What are the computational details behind DEP?
As of July 2016, DEP makes over 200,000 WEPP model runs each day. The WEPP model itself is a single threaded job, but thankfully only takes a second to run for the 10+ years we are simulating. Even at a one-second execution time, having 200k runs means that we have to implement some sort of parallel execution to have all the runs complete within a day (only ~100k seconds in a day!).

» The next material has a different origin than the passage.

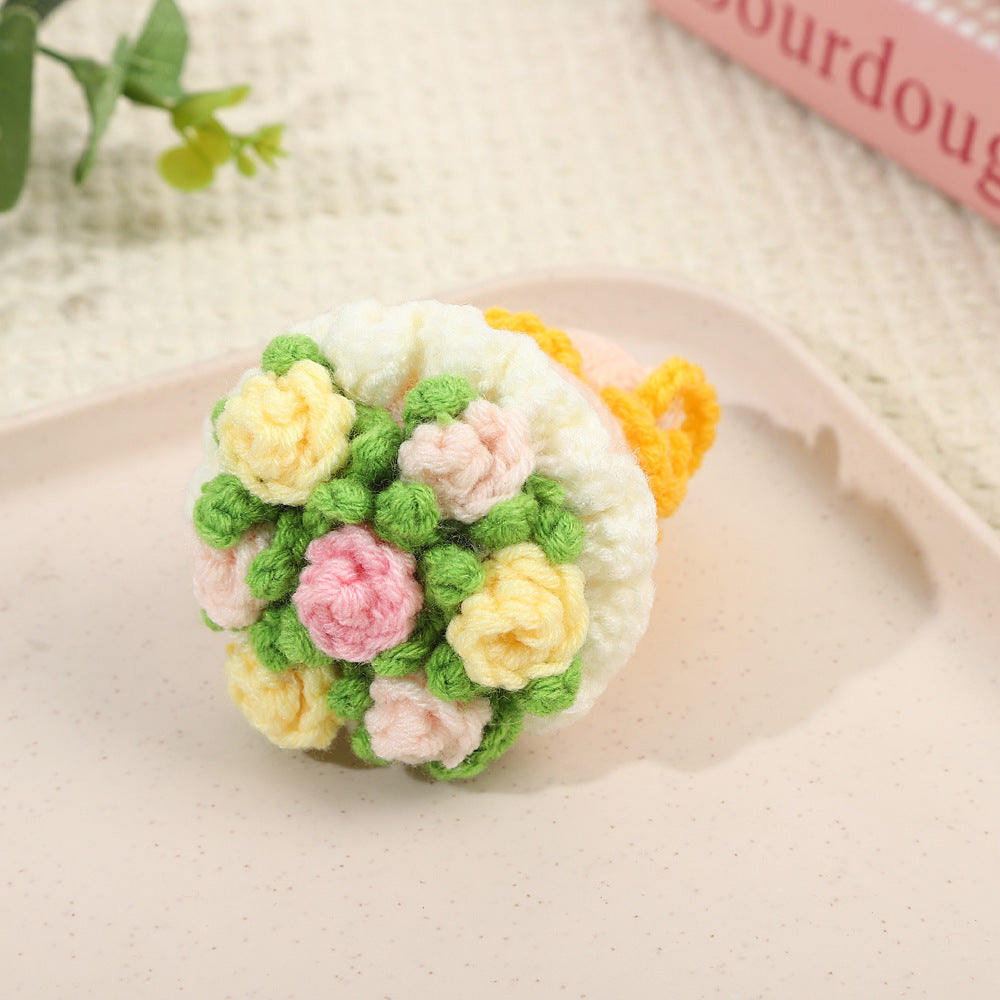 Valentines Crochet Flower Keychain Handmade Gift Decor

DEP's goal is to have daily output from the previous day by approximately 6 AM of the current day. This represents a maximum time window of about six hours to accomplish the following tasks:
Update input climate files with yesterday's data
Run the WEPP model 200k times
Process the WEPP output files and create summaries within the database
As of this writing, the DEP processing is done on a Dell PowerEdge R820 with 4 physical processors (48 threads), 256 GB of memory, and two mirrored 1 TB SSD drives. These assets permit the DEP execution to complete by about 5 AM each morning. Ironically, the most computationally "expensive" component of this processing is the input-output associated with the numerous ASCII files used by the WEPP model. The SSD drives allow these small operations to complete with limited latency.
The parallelization happens with a programming script that launches multiple instances of WEPP at the same time. This Python code uses the standard library multiprocessing to proctor the runs. Again, the SDD drives really make this possible as the multiple jobs are not stuck in I/O wait.